(Captioned web image data)

++++++++++++++++++++

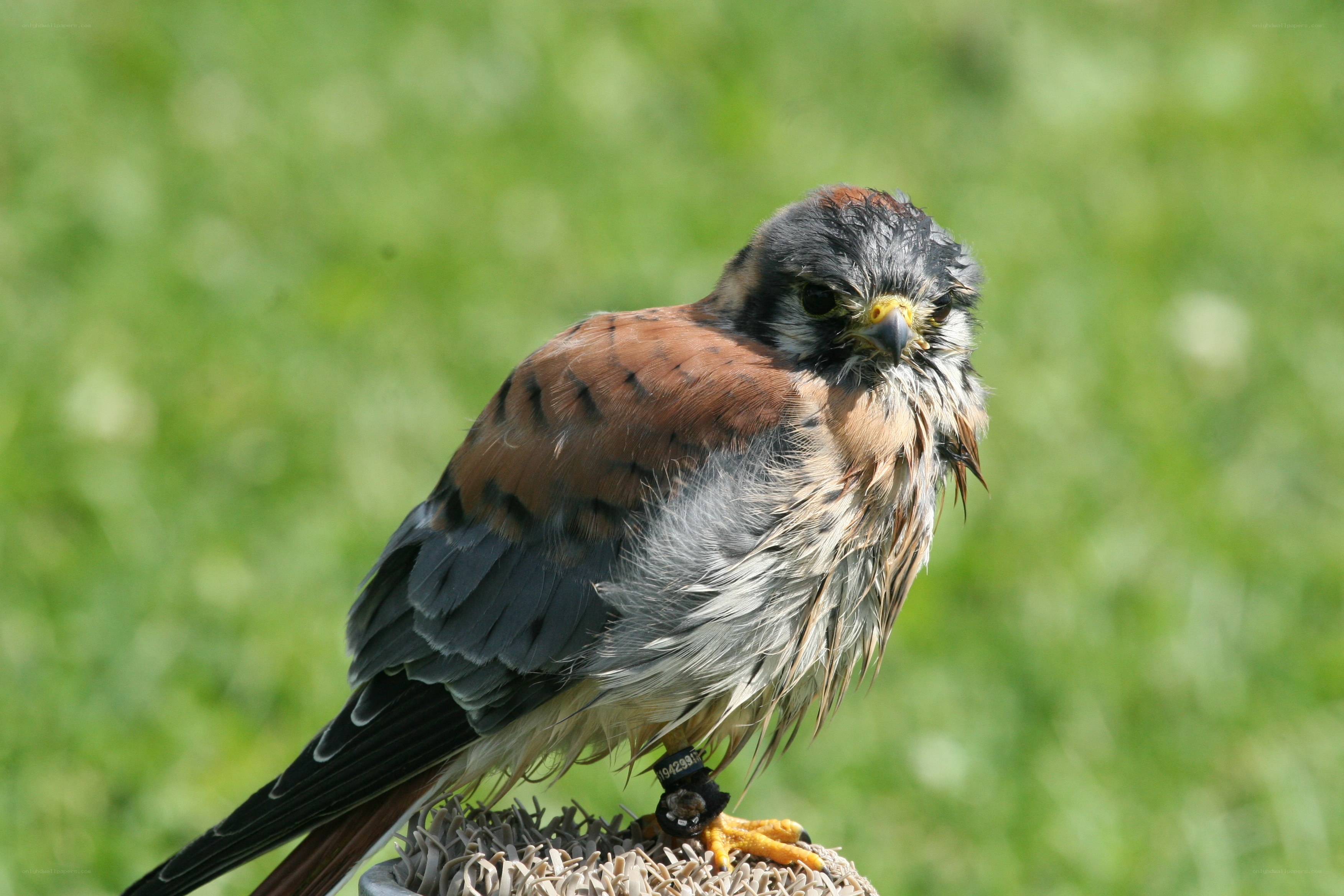 wet kestrel perched on a post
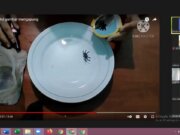Ajak Partisipasi Orang Tua dalam Pembelajaran Anak, TK Khalifah Depok Gelar ABBP Bertemakan Sains TK Khalifah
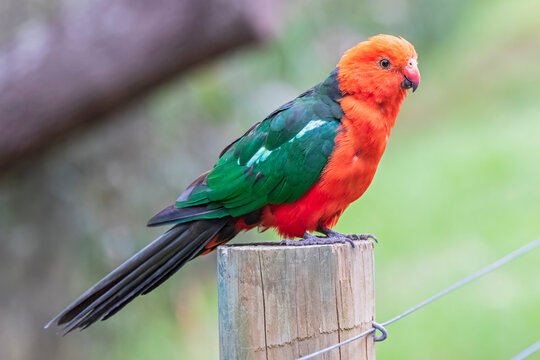 Australian king parrot (Alisterus scapularis) perching on top of pole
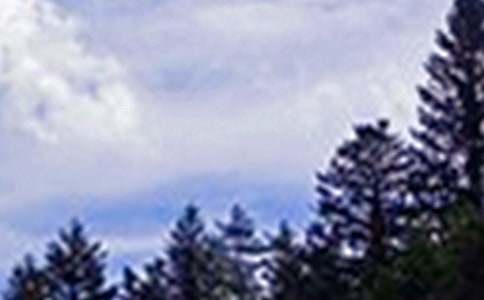 �P��ů���簲ף���Z��ȫ��ͨ��100�䣩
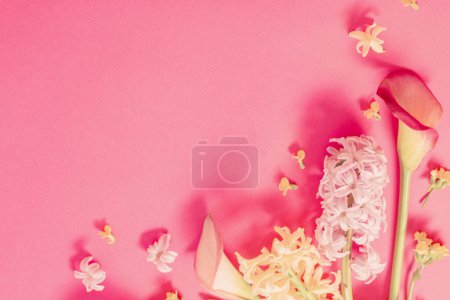 Téléchargez les photos : Fleurs de printemps sur fond de papier rose - en image libre de droit
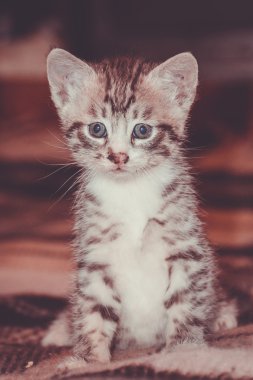 Küçük Tabby yavru kedi Retro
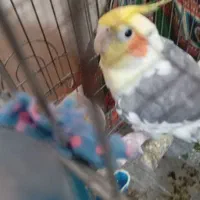 عروس هلندی سخنگو
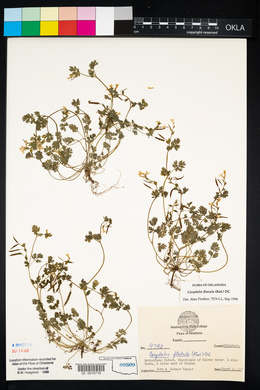 Corydalis flavula image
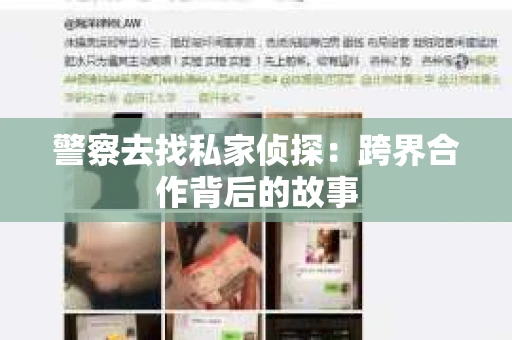 警察去找私家侦探：跨界合作背后的故事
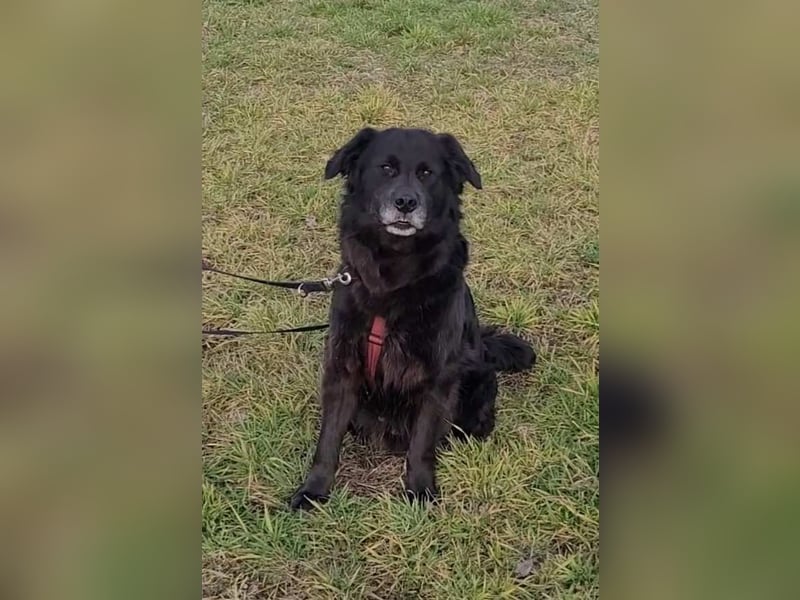 Nero kinderlieber Labrador Mischling Rüde sucht Zuhause für immer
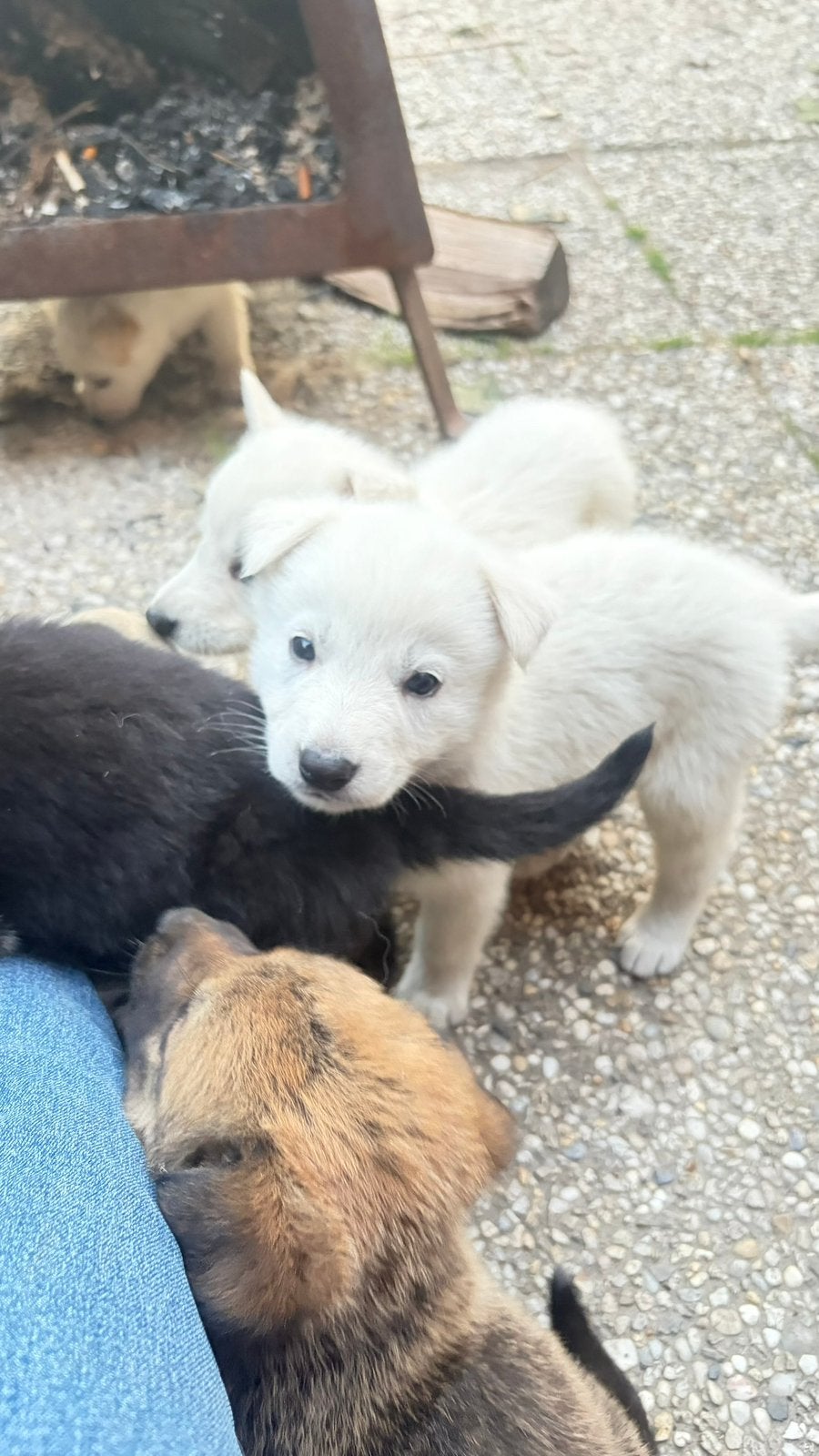 Prachtige puppys geboren . Kruising RidgebackxWitte Herder, Meerdere, Meerdere dieren, Herder, Nederland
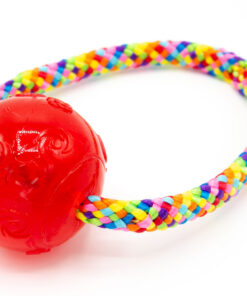 Alternative view of KONG Squeezz Ball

++++++++++++++++++++

ACTIVITY: Exact repeats of the lines from the first one in the data through the line containing "Nero kinderlieber Labrador" make up the answer. Pictures do not.

EXERCISE OUTPUT:
 wet kestrel perched on a post
Ajak Partisipasi Orang Tua dalam Pembelajaran Anak, TK Khalifah Depok Gelar ABBP Bertemakan Sains TK Khalifah
 Australian king parrot (Alisterus scapularis) perching on top of pole
 �P��ů���簲ף���Z��ȫ��ͨ��100�䣩
 Téléchargez les photos : Fleurs de printemps sur fond de papier rose - en image libre de droit
 Küçük Tabby yavru kedi Retro
 عروس هلندی سخنگو
 Corydalis flavula image
 警察去找私家侦探：跨界合作背后的故事
 Nero kinderlieber Labrador Mischling Rüde sucht Zuhause für immer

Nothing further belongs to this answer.